Last year, Spanish game studio Tequila Works announced it was insolvent, and closing, even after prior staff cuts and the cancellation of an unannounced project.
This month a page appeared on the European auction site Escrapalia that lists the various intangible assets of Tequila Works—its videogame IPs, in-development titles, and the studio’s brand. The high bids for most of the published game rights, such as Rime and the once-Stadia-exclusive Gylt, are between 10-20,000 euro at press time.

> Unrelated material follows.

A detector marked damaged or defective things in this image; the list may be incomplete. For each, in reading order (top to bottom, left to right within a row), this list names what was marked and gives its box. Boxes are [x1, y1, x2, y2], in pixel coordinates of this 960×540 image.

Also included are unfinished games with playable vertical slices: The Ancient Mariner, an open world game, Dungeon Tour, a co-op party game, and Brawler Crawler, a multiplayer brawler with a procedurally generated world. There are also concepts for “4 original Tequila Works projects” that are billed as “ready for production” since their creative, narrative, visual elements, and copyright are all lined up.
It’s an inevitable consequence of the industry, but a middle-tier, independent publisher-developer like this doesn’t always go out in such a direct and public way: In my experience they’re more often acquired by a larger publisher and quietly shuttered years later. Though that scenario isn’t too far off from what happened here—Tequila Works’ majority shareholder was Tencent, as of 2022.
Not surprisingly absent from the auction is Song of Nunu: A League of Legends Story, which Tequila Works developed for the League of Legends juggernaut’s now-defunct Riot Forge label.
Late last year, Tequila Works general manager Térence Mosca said in a statement that he was “proud” of the Tequila Works team’s accomplishments, but that “prolonged market conditions” meant insolvency was the company’s only choice.
“Since its founding in 2009, Tequila Works’ game-development philosophy has always focused on ‘creating things with gusto’,” said the company’s statement. “We are doing everything we can to provide support and guidance to our teams during this difficult time.”